What this task involves >>
Everything below from the line with "1205 Braddock Way, Wylie, TX 75098" through the line with "307 932 Robinson" must be retyped exactly, except the pictures.

──────── Source data

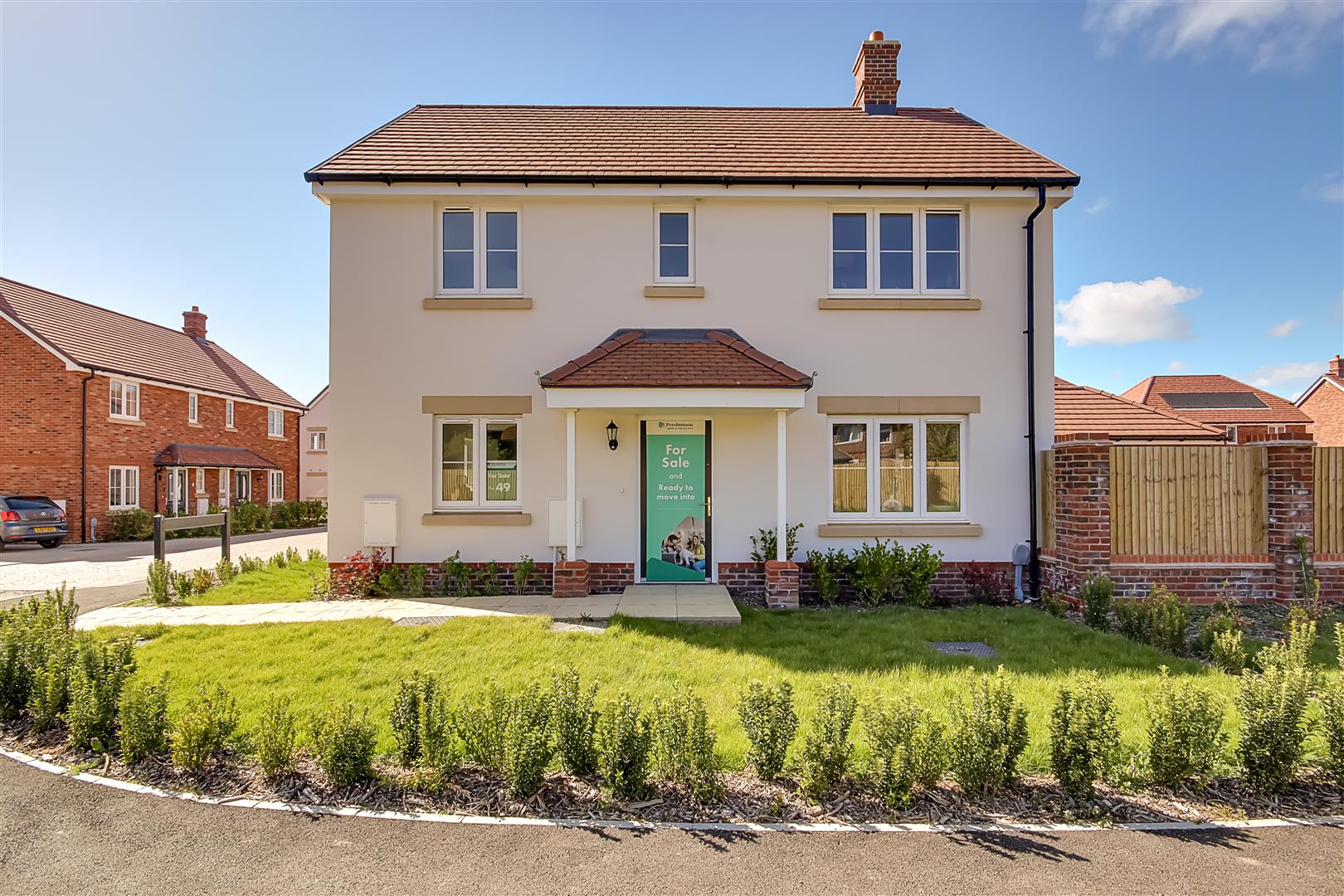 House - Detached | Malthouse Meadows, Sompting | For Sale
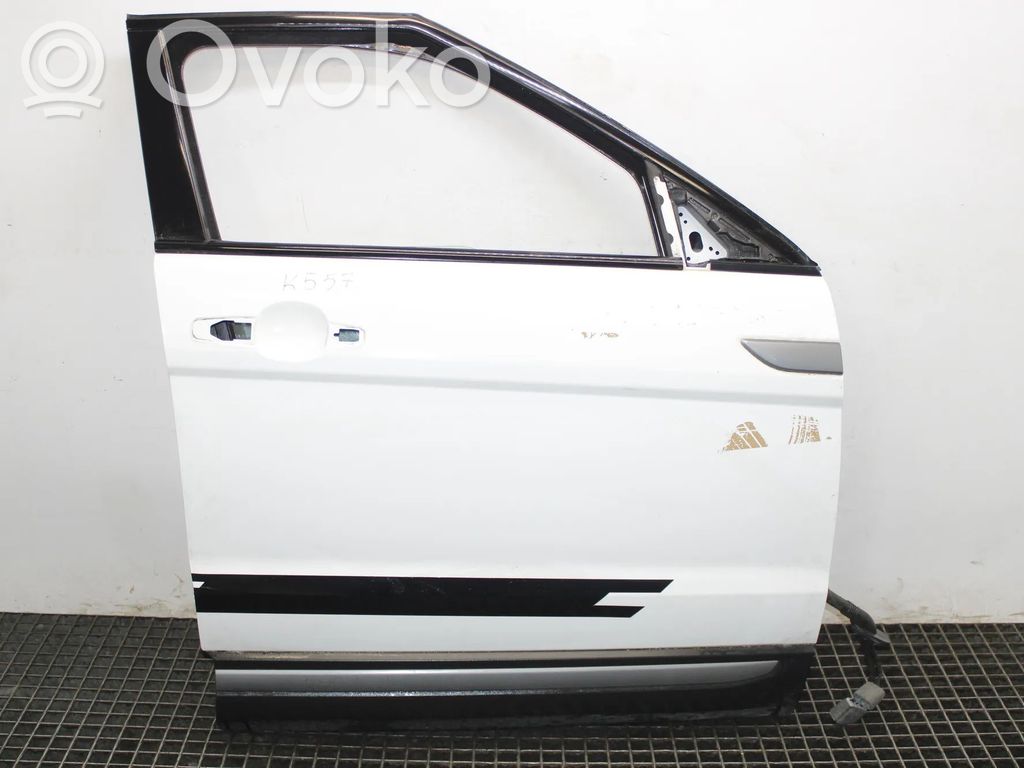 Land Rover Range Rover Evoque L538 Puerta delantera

────────────────
──────── Source data

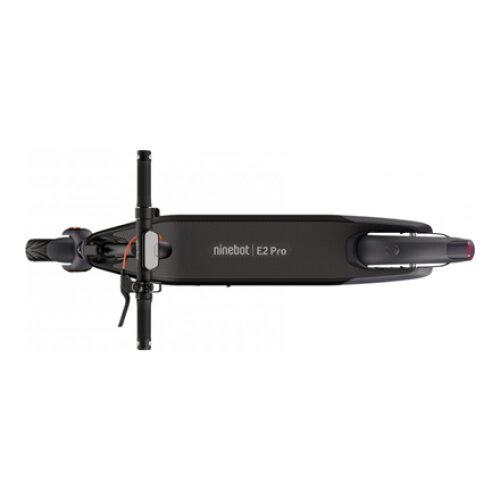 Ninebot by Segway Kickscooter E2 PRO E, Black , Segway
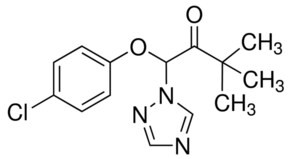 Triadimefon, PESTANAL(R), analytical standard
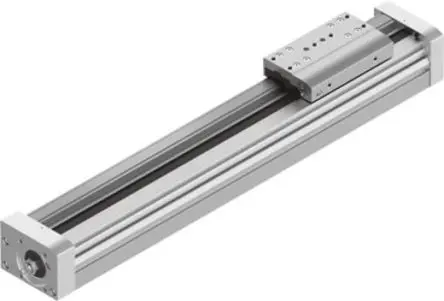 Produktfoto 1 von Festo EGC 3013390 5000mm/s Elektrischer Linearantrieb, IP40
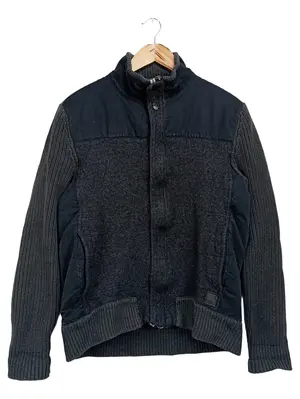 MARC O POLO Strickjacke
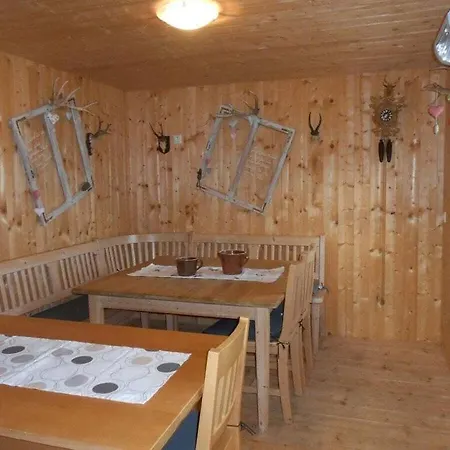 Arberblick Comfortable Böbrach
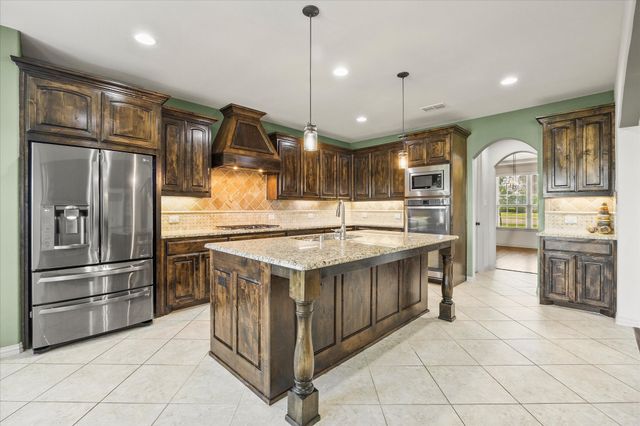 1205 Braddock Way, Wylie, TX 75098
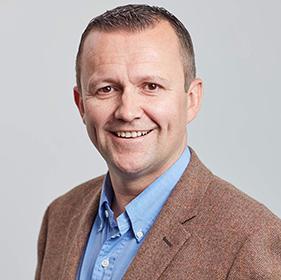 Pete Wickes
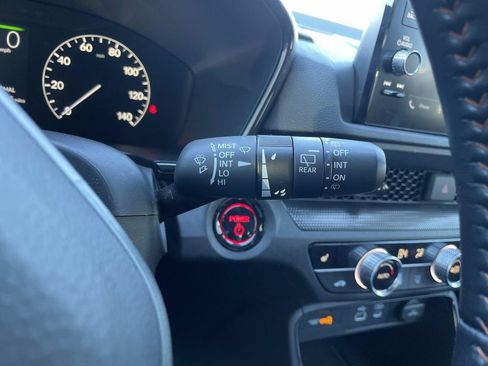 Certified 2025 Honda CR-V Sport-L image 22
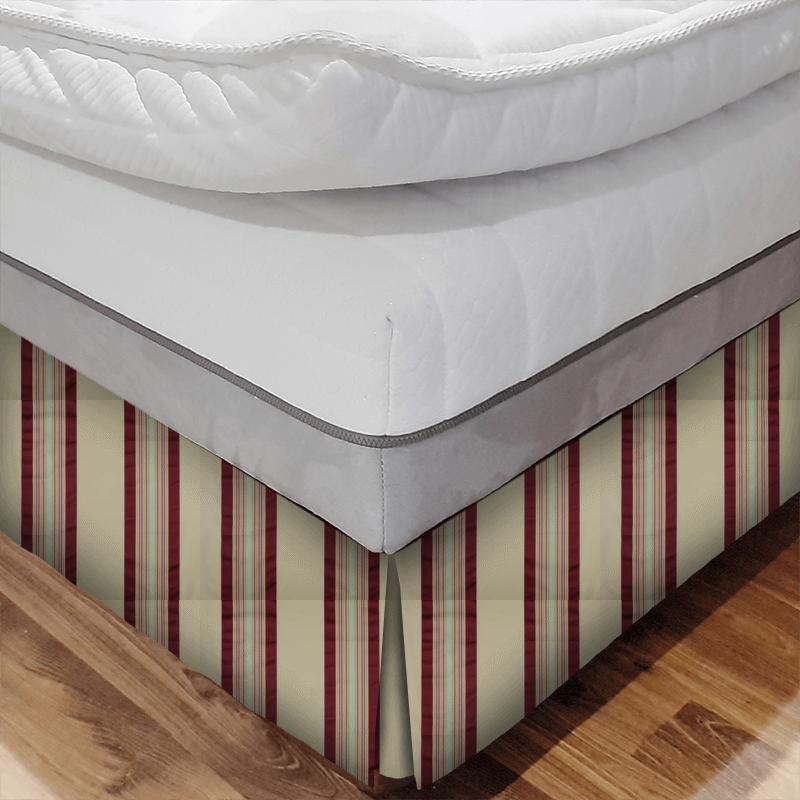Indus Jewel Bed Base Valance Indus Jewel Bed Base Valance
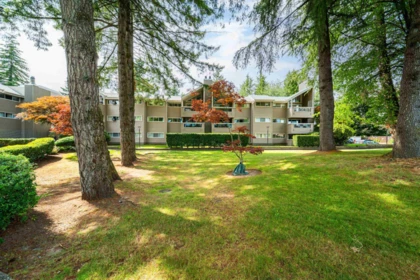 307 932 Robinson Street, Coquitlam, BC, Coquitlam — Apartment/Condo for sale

────────────────

Answer to this exercise >>
 1205 Braddock Way, Wylie, TX 75098
 Pete Wickes
 Certified 2025 Honda CR-V Sport-L image 22
Indus Jewel Bed Base Valance Indus Jewel Bed Base Valance
 307 932 Robinson Street, Coquitlam, BC, Coquitlam — Apartment/Condo for sale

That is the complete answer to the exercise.